Provided data:

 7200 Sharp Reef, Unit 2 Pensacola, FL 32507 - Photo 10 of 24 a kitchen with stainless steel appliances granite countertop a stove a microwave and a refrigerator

* * *

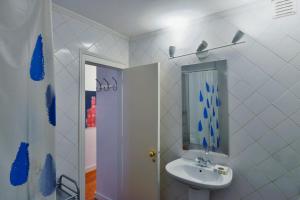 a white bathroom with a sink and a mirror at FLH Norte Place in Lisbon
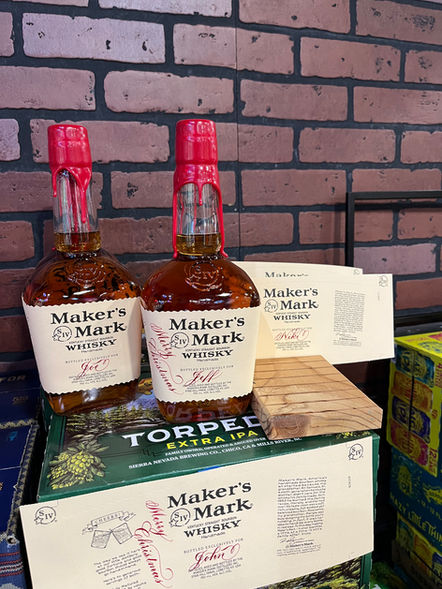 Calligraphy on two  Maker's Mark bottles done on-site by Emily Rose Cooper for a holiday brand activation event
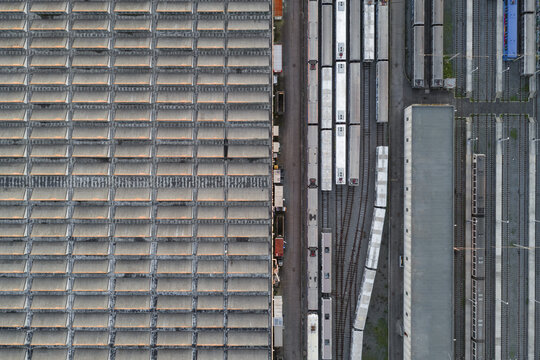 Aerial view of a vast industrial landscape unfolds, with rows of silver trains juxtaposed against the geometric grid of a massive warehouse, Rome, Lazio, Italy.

Problem details: Please return the data above exactly as it stands from the line with "Calligraphy on two" to the line with "Aerial view of", keeping both of those lines but none of the pictures.

Result of this task:
 Calligraphy on two  Maker's Mark bottles done on-site by Emily Rose Cooper for a holiday brand activation event
 Aerial view of a vast industrial landscape unfolds, with rows of silver trains juxtaposed against the geometric grid of a massive warehouse, Rome, Lazio, Italy.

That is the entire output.